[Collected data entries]

****************

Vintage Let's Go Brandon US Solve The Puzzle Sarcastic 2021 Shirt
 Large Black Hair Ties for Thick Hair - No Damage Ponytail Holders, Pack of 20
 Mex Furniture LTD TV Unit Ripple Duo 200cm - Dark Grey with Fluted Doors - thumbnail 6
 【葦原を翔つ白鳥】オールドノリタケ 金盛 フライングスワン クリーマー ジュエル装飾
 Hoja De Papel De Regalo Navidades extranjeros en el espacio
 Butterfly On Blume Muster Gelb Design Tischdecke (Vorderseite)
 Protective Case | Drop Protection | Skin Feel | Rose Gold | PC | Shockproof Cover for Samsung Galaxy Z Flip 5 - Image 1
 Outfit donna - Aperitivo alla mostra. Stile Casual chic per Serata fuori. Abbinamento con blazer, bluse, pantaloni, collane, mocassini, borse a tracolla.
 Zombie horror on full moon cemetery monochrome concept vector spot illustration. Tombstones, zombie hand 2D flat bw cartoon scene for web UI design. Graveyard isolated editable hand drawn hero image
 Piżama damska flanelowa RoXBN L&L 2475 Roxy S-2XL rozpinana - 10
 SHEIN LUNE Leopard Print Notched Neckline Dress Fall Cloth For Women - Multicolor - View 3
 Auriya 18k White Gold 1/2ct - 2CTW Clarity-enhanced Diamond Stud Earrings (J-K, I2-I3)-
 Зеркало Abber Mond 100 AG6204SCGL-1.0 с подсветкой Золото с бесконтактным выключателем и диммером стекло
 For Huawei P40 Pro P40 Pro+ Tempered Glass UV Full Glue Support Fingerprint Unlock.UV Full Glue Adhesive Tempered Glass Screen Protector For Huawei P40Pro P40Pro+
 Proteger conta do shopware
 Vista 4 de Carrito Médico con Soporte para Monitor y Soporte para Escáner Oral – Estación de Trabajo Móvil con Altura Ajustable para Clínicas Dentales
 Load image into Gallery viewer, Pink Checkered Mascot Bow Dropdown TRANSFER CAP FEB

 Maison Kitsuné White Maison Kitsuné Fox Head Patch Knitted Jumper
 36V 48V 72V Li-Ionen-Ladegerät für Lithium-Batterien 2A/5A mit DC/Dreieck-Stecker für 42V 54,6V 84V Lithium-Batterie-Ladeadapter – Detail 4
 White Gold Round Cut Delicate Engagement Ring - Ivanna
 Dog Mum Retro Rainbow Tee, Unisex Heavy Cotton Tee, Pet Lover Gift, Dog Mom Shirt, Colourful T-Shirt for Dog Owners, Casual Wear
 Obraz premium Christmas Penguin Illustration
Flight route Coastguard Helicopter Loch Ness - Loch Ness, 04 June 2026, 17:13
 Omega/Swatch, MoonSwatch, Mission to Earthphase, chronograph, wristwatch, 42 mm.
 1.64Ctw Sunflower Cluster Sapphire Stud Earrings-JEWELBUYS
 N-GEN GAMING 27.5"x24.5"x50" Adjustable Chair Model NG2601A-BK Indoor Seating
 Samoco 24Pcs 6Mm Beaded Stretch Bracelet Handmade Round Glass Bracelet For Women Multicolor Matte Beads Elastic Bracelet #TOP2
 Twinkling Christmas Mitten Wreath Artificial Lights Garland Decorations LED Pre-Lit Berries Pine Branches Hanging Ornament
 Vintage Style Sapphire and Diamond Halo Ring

****************

TASK BRIEF: Work out how many lines of the preceding data contain the word "Christmas". Reply with that number only.

RESULT OF THIS TASK: 2